So back in the day, I did an experiment testing the strength of a bunch of different joints to show if wood glue or screws were stronger.
This included both a butt joint with just glue, and a pocket hole joint.
The experiment itself was pretty low-key. I put the wood on a scale, then applied pressure with a clamp. The pocket hole joint (without glue) failed at 108 pounds.
At that point the screws started pulling out of the wood, and the joint wouldn’t hold anymore weight.
Today, I repeated this experiment with a pocket hole joint with glue. Everything else was the same – the scale, the clamp, the size and type of wood used.
I did get a table upgrade, though, if that’s worth mentioning.
I applied pressure to the joint using the clamp just as I had before.
The pocket hole joint with glue failed at 104 pounds, which was actually slightly less than the joint without glue.

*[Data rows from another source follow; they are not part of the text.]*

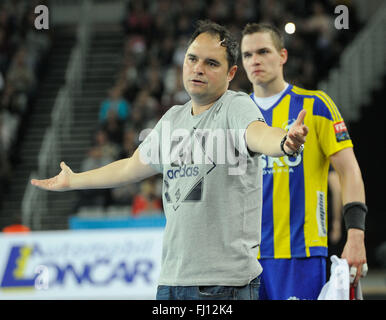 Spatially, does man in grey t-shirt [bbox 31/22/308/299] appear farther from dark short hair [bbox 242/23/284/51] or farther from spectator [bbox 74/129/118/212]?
spectator [bbox 74/129/118/212]

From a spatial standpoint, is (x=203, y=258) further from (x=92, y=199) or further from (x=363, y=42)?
(x=363, y=42)

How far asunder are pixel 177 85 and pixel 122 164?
6954 mm

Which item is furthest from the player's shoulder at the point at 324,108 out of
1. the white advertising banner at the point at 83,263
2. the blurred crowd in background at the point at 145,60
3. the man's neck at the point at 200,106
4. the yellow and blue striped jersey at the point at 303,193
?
the white advertising banner at the point at 83,263

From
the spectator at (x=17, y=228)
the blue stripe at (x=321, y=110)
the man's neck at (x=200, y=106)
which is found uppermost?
the blue stripe at (x=321, y=110)

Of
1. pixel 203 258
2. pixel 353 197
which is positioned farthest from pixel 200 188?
pixel 353 197

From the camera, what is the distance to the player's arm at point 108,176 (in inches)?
145

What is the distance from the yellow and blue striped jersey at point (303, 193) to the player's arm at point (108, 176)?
108 cm

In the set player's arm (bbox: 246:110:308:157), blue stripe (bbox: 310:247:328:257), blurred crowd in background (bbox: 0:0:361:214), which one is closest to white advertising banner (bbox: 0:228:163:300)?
blurred crowd in background (bbox: 0:0:361:214)

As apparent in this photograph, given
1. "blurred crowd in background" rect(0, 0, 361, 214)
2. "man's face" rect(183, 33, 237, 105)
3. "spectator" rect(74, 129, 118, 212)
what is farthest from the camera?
"blurred crowd in background" rect(0, 0, 361, 214)

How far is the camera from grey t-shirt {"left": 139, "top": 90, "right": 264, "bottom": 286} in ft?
10.3

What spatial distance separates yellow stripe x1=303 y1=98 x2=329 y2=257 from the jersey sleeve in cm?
4

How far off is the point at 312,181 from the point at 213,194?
4.82 ft

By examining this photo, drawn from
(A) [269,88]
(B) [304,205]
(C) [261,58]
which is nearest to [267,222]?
(B) [304,205] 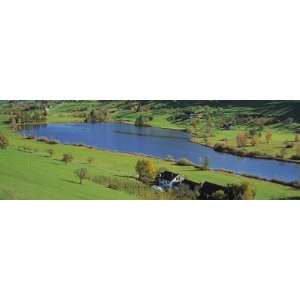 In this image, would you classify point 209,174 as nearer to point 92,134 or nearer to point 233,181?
point 233,181

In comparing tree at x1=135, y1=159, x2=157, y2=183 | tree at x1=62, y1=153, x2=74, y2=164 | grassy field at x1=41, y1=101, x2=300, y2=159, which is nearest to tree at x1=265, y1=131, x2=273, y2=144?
grassy field at x1=41, y1=101, x2=300, y2=159

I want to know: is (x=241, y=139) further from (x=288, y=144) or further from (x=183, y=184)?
(x=183, y=184)

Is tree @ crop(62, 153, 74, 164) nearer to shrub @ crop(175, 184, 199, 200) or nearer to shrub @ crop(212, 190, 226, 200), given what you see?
shrub @ crop(175, 184, 199, 200)

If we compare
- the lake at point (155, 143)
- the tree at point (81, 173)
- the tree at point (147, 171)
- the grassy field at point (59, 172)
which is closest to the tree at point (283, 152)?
the lake at point (155, 143)

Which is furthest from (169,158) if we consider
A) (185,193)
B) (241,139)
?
(241,139)

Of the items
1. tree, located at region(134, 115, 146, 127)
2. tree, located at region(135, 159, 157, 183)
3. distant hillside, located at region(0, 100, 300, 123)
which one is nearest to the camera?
distant hillside, located at region(0, 100, 300, 123)

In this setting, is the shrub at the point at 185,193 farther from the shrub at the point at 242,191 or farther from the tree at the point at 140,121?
the tree at the point at 140,121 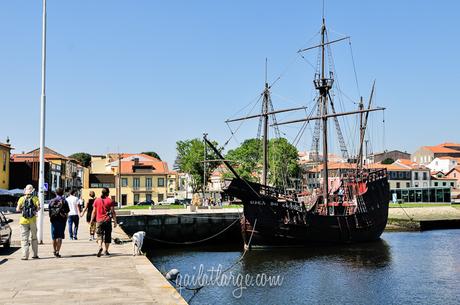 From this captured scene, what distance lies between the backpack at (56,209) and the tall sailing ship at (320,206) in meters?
15.0

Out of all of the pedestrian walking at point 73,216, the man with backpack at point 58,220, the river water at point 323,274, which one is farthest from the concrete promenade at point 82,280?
the river water at point 323,274

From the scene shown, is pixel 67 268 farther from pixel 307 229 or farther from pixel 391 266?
pixel 307 229

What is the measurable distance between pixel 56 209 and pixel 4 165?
5391 cm

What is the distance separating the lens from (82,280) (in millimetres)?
11609

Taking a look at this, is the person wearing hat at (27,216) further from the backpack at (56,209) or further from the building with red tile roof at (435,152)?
the building with red tile roof at (435,152)

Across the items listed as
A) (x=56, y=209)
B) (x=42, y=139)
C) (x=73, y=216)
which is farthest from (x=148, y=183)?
(x=56, y=209)

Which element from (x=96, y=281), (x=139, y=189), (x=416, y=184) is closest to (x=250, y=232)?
(x=96, y=281)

I don’t think the difference point was large enough to really be significant, so I’m not going to say that I think glue makes the joint weaker.

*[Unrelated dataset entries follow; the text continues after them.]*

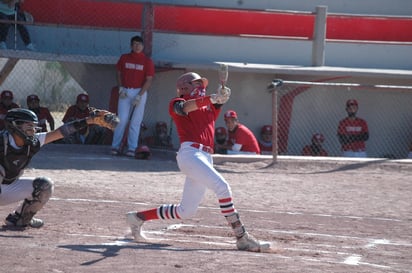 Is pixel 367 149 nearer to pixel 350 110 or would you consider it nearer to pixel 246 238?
pixel 350 110

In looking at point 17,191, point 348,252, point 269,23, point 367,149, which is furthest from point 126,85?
point 348,252

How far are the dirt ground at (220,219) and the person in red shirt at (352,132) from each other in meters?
1.19

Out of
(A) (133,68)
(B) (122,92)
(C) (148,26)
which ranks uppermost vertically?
(C) (148,26)

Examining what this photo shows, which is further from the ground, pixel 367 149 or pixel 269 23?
pixel 269 23

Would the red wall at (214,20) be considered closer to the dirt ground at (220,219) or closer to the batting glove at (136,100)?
the batting glove at (136,100)

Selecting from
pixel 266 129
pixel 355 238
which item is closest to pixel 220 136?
pixel 266 129

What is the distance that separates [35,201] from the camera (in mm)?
9070

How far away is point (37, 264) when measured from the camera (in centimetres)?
728

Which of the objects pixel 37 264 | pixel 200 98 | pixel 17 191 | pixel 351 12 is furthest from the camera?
pixel 351 12

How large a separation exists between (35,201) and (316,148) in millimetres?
9214

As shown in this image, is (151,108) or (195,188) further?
(151,108)

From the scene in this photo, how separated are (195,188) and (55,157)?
22.9ft

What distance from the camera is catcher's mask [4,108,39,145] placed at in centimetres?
873

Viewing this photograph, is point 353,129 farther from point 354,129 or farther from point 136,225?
point 136,225
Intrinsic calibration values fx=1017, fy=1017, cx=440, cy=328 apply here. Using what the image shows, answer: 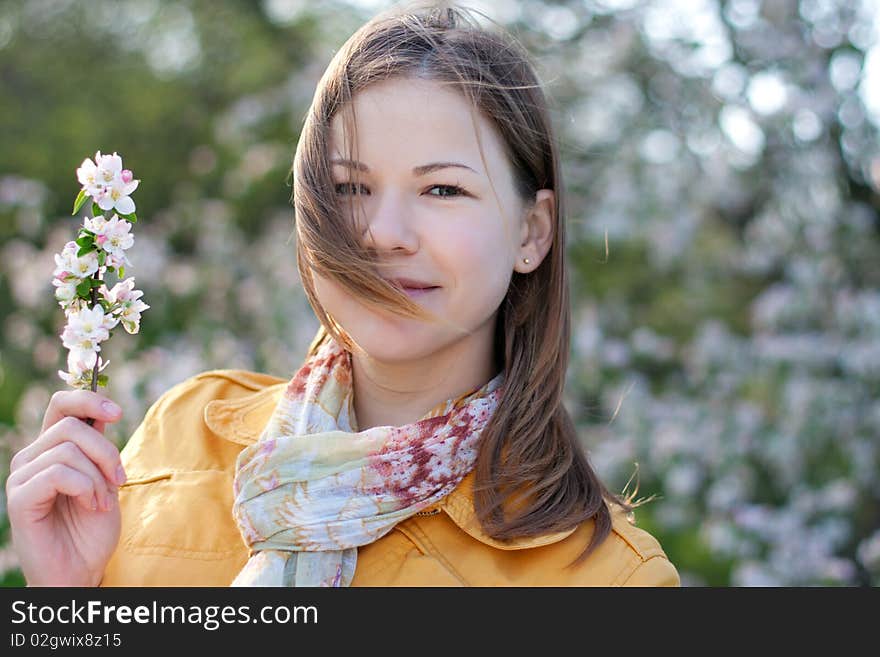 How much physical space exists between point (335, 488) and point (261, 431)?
26 cm

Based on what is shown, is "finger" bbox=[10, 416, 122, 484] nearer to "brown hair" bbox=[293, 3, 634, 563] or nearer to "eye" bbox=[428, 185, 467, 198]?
"brown hair" bbox=[293, 3, 634, 563]

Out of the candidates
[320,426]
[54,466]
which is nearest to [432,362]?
[320,426]

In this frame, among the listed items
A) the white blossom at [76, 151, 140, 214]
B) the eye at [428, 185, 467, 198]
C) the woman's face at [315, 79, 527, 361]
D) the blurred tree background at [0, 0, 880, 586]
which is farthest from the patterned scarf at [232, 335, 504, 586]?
the blurred tree background at [0, 0, 880, 586]

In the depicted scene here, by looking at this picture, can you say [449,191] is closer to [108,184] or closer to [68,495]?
[108,184]

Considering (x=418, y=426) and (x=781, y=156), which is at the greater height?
(x=418, y=426)

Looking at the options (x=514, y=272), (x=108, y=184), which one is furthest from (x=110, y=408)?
(x=514, y=272)

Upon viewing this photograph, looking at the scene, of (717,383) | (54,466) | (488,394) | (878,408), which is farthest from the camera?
(717,383)

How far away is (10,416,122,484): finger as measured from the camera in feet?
4.97

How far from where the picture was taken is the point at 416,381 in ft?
5.97

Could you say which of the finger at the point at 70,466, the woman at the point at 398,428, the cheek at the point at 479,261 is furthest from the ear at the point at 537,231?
the finger at the point at 70,466

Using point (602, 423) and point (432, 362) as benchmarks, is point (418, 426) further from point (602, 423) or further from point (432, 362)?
point (602, 423)

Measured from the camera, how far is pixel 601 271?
5.32 metres

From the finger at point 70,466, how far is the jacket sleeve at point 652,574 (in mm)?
827

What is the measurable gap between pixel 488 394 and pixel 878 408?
9.90 ft
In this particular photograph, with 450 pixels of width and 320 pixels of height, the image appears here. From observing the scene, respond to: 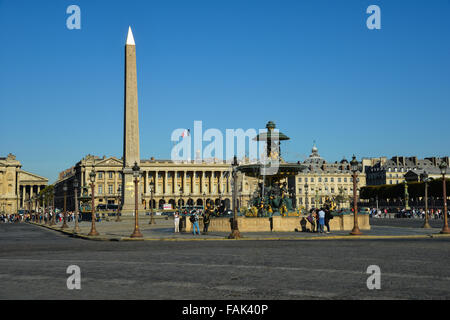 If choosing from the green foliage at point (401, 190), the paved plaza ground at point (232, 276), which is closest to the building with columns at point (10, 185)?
the green foliage at point (401, 190)

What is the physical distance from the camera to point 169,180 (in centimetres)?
16575

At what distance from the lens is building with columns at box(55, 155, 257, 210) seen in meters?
158

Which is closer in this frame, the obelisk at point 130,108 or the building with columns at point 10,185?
the obelisk at point 130,108

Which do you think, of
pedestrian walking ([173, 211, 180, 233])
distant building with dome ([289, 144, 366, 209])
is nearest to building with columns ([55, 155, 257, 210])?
distant building with dome ([289, 144, 366, 209])

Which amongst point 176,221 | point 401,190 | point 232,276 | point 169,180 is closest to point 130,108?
point 176,221

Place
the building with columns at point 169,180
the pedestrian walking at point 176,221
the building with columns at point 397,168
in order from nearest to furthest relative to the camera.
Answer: the pedestrian walking at point 176,221, the building with columns at point 397,168, the building with columns at point 169,180

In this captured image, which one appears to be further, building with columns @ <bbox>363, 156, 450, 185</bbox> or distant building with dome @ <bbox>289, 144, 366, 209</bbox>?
distant building with dome @ <bbox>289, 144, 366, 209</bbox>

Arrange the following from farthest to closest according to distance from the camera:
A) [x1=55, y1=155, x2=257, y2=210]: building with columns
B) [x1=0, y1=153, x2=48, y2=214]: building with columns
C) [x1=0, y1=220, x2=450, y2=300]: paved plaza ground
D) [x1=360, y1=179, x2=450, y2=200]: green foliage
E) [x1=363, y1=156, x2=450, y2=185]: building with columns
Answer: [x1=0, y1=153, x2=48, y2=214]: building with columns < [x1=55, y1=155, x2=257, y2=210]: building with columns < [x1=363, y1=156, x2=450, y2=185]: building with columns < [x1=360, y1=179, x2=450, y2=200]: green foliage < [x1=0, y1=220, x2=450, y2=300]: paved plaza ground

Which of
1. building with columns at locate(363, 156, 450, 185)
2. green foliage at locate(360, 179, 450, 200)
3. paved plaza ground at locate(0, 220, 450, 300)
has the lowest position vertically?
paved plaza ground at locate(0, 220, 450, 300)

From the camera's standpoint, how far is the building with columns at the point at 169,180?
158 metres

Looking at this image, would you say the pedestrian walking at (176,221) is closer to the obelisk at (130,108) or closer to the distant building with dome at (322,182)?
the obelisk at (130,108)

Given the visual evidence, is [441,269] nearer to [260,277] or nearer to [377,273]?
[377,273]

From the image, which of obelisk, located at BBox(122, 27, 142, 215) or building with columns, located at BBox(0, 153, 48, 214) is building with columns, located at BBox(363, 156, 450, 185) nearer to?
building with columns, located at BBox(0, 153, 48, 214)
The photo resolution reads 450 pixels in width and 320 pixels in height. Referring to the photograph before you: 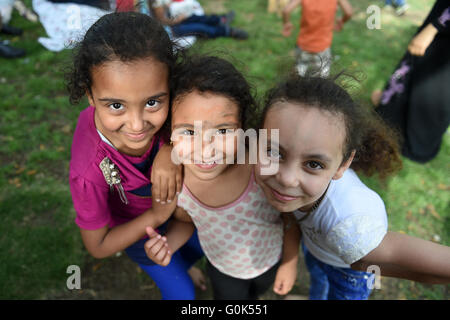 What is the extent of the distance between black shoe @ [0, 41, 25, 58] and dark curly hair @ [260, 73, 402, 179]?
4485 mm

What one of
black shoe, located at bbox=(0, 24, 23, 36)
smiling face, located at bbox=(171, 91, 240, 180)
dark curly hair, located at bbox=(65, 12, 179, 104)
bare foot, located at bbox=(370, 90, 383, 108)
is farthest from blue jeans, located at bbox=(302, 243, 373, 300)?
black shoe, located at bbox=(0, 24, 23, 36)

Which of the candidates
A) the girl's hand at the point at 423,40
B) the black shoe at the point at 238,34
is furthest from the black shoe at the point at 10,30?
the girl's hand at the point at 423,40

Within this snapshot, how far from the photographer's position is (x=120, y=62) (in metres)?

But it certainly doesn’t make it any stronger.
I have a theory about that.
Why Wood Glue Doesn’t Make Pocket Hole Joints Stronger
When I got this result, I was mildly surprised. I always assumed glue would strengthen the joint, because that just makes sense. And then I thought about it a bit more.

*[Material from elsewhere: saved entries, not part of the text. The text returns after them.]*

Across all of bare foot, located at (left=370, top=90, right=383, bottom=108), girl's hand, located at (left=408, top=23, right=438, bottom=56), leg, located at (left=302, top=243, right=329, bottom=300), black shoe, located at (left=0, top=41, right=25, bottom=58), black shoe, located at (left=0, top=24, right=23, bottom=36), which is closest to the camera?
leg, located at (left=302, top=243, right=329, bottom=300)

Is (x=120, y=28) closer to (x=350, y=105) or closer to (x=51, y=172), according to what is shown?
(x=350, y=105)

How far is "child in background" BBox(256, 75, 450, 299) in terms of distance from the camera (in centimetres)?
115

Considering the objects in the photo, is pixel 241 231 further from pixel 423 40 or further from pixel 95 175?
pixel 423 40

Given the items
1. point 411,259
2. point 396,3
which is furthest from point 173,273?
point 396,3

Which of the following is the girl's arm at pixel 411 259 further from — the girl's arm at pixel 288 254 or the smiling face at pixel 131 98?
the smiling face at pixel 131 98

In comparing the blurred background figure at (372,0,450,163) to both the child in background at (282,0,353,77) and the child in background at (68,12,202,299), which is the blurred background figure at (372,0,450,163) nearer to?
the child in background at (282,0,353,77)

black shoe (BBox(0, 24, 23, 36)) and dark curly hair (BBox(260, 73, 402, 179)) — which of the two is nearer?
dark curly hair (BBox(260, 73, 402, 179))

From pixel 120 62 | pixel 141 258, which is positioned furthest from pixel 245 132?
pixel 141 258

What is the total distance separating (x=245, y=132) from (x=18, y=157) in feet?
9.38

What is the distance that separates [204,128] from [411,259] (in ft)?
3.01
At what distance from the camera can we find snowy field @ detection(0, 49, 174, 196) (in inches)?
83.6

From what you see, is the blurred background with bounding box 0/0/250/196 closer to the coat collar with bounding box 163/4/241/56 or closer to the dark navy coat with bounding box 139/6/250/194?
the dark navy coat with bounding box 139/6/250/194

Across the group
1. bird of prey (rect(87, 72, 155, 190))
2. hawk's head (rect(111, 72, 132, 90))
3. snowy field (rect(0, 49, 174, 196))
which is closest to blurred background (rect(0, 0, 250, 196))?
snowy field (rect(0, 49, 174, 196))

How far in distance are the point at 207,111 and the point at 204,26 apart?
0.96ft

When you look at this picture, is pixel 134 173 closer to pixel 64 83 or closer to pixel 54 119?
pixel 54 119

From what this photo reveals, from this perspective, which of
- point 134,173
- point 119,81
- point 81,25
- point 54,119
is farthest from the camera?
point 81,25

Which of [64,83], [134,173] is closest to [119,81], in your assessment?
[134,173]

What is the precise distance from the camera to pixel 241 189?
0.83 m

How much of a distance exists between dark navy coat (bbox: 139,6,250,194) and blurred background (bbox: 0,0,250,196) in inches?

In my long-ago experiment, I also tested glue-only butt joints. They failed at 60 pounds, far weaker than everything else I tried.
So in my experiment with the glued pocket hole joint, by the time the pocket hole joint was failing and the glue came into play, the weight applied had already far surpassed the glue joint’s strength, and therefore the joint immediately failed.
Why You Should Still Use Glue With Pocket Hole Joints
Wood glue isn’t going to make your joint any stronger, but it still serves a purpose.
One of the unfortunate facts of working with wood is that it grows and shrinks depending on the season. When humidity is higher (summer,) wood absorbs moisture from the air and grows. When humidity is low (winter) the wood releases the moisture and shrinks.
If you were wondering, this is why your doors always stick in the summer but not the winter.
It’s also why my coffee table sticks out a bit in the middle. I hadn’t learned this lesson yet when I built it:
More relevantly, this is also the reason you should still glue pocket hole joints if you’re making a project that you want to look nice.
In the winter, the wood will shrink, separating at the joint very slightly. This forms a gap that doesn’t very nice.
Wood glue helps prevent that. It holds the wood in place, and that gap doesn’t appear.
When You Shouldn’t Use Glue
If I’m making a nice project that has pocket hole joints, I use glue (and will continue to do so, even after learning it doesn’t actually add any strength.)
However, there are two main times I’ll skip the glue: 1) I’m making something I want to disassemble, or 2) I don’t care if it’s ugly.
Wood glue makes projects more difficult to take apart, for obvious reasons. If I intend to disassemble my project, I’ll skip the glue.
I’ll also skip the glue if I’m building something for my shop, like my cleat wall accessories. I don’t actually care if these separate a bit at the joint:
But if it’s a nice project that will go in the main part of my home, I still plan to use glue.